The above exhibit became the subject of remonstrance from the inhabitants to the British ministry, who complained also to them of the governor and his proceedings; but they were treated with utter disregard.

The only traces of commerce to be discovered among this anti-commercial people, consisted in the peltries obtained from the Indians by the house of Panton, Leslie, and Forbes, under licenses from the government; in a few boards, shingles, and corn, transported to the Havana ; and in a miserable coasting trade through Lake Ponchartrain with New-Orleans, from whence, and Mobile, were derived their principal supplies of foreign goods.

The prospect of an extensive trade with the Spaniards induced many people to settle in this town, which they did at a great expense; their expectations, however, were thwarted, as their trade, which was carried on under Spanish colours, and promised great advantages, was entirely destroyed by the British cruisers.

The principal effort, at the present period, will be more particularly employed upon the natural productions of the country, consisting of sugar, indigo, cotton, rice, hemp, tobacco, and lumber, which, with the Indian trade, will afford ample profits, until a more liberal policy shall extend them to our southern neighbours; whom it is more profitable to receive with their dollars in our ports, than to furnish with goods conveyed to them in our vessels. This, for obvious reasons, is very generally understood.
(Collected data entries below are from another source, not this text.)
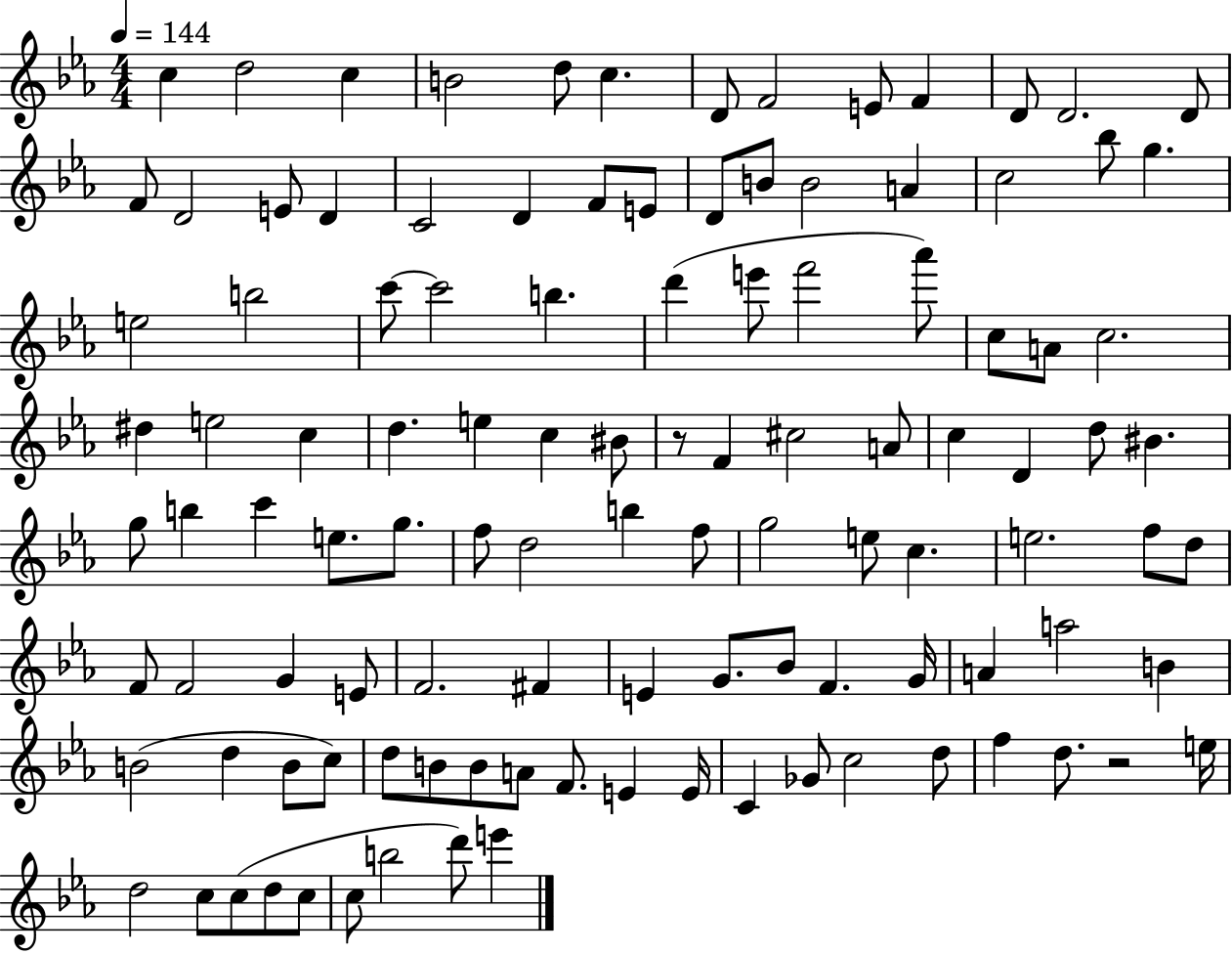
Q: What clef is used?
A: treble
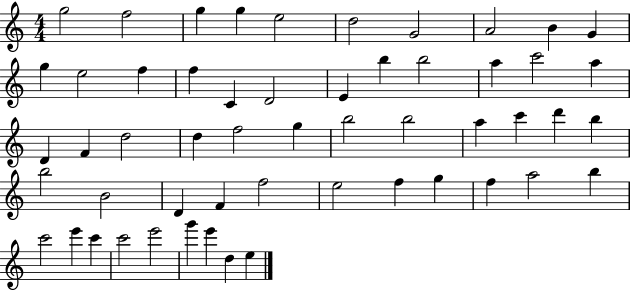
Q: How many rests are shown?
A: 0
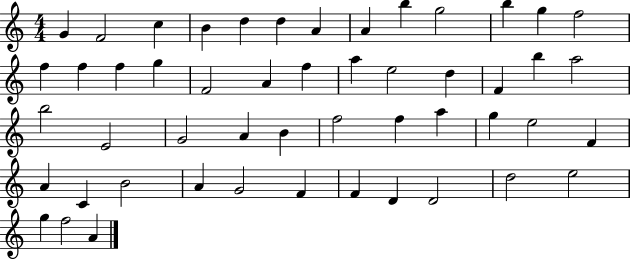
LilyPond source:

{
  \clef treble
  \numericTimeSignature
  \time 4/4
  \key c \major
  g'4 f'2 c''4 | b'4 d''4 d''4 a'4 | a'4 b''4 g''2 | b''4 g''4 f''2 | \break f''4 f''4 f''4 g''4 | f'2 a'4 f''4 | a''4 e''2 d''4 | f'4 b''4 a''2 | \break b''2 e'2 | g'2 a'4 b'4 | f''2 f''4 a''4 | g''4 e''2 f'4 | \break a'4 c'4 b'2 | a'4 g'2 f'4 | f'4 d'4 d'2 | d''2 e''2 | \break g''4 f''2 a'4 | \bar "|."
}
In Maryland and Virginia, where the heats are greater, and the soil moist, especially on lands not cleared, we find agues, fevers, and fluxes, very distressing to strangers; though the natives in general are pretty healthy, and sometimes long-lived. In South Carolina, we find these diseases much more obstinate, acute and violent. In that state, especially in the months of July and August, during the growth of the rice, the fevers which attack strangers are very anomalous, not remitting or intermitting soon, but partaking much of the nature of those which are so fatal to the newly arrived Europeans in the West India climates. The same may be said of Georgia and East Florida; during these two months, the diseases of strangers approach still nearer to those of the West India Islands. At Pensacola, where the

soil is sandy and quite barren, the English have suffered much by sickness; some, for want of vegetables, died of the scurvy, but a far greater part of fevers. The excessive heat of the weather has sometimes produced, in this place, a severe fever, similar to the Yellow Fever. This, in the year 1765, proved very fatal to a regiment of soldiers sent from England unseasoned to such climates, they having been landed there in the height of the sickly season. It raged chiefly in the fort, where the air in the soldiers' barracks was extremely sultry and unhealthy; the sea-breeze being shut out by the walls of the fort. And it is worthy of remark, that during the fatal rage of this fever at Pensacola, those that lived on board the ships in the harbour escaped it. Pensacola, however, is of late, esteemed more healthy than Mobile, where intermitting fevers prevail in the months of July, August, and September.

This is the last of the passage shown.